Pass initial to override the mount-frame values (so the component starts somewhere other than the static props), or initial={false} to start at the animate target with no mount animation.

<MotionPath
d={STAR_D}
initial={{ d: TINY_STAR_D, opacity: 0 }} // hatch from a smaller star, fading in
animate={{ d: STAR_D, opacity: 1 }}
/>

<MotionPath
d={STAR_D}
initial={false} // skip the mount animation
animate={{ d: HEART_D }}
/>

If initial.d is provided, it must be template-compatible with the static d — same rule as animate.d.

Reduced motion

MotionPath participates in <MotionConfig reducedMotion> the same way the core primitives do — when the OS reduce-motion setting is on (or you pass reducedMotion="always"), transitions resolve as direct assignment instead of withSpring / withTiming.

What this primitive doesn't do (v0.2)

  • Path resampling between structurally different shapes.

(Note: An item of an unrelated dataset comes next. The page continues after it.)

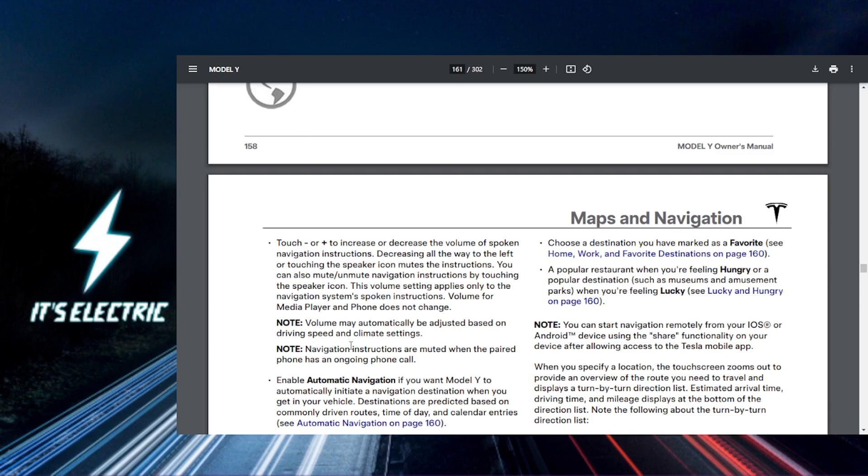Once you find your ideal volume, save your settings so that Tesla remembers it for the next time, and you're all set.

Same-template morphs only — the rest is your key to remount.
  • Other SVG shapes (Circle, Rect, Line, Ellipse). They land in a follow-up release; pencil them in if you need them.
  • Gradient fills inside the SVG. For gradient fills use <Defs> + <LinearGradient> from react-native-svg and animate the stops via MotionLinearGradient's patterns; the path itself just references the gradient by url(#id).
  • Path command interpolation (e.g. morphing an L into a C). Element-wise scalar interpolation is intentional — it's predictable, cheap, and matches what designers reach for 95% of the time.

Path utilities

The tokenizer and template helpers are exported for downstream tooling:

import {
parsePathD,
templateOf,
diffTemplate,
flattenParams,
serializePath,
} from '@onlynative/inertia-svg'

const segs = parsePathD('M 0 0 L 10 10 Z') // [{ cmd: 'M', args: [0, 0] }, …]
const t = templateOf(segs) // { cmds: ['M','L','Z'], widths: [2,2,0], size: 4 }
const params = flattenParams(segs) // [0, 0, 10, 10]
const out = serializePath(t, [5, 5, 20, 20]) // 'M 5 5L 20 20Z'

const err = diffTemplate(t, templateOf(parsePathD('M 0 0 L 1 1')))
// → 'command count differs: …'

serializePath is a worklet — call it inside useAnimatedProps if you build your own SVG primitives on top of this layer.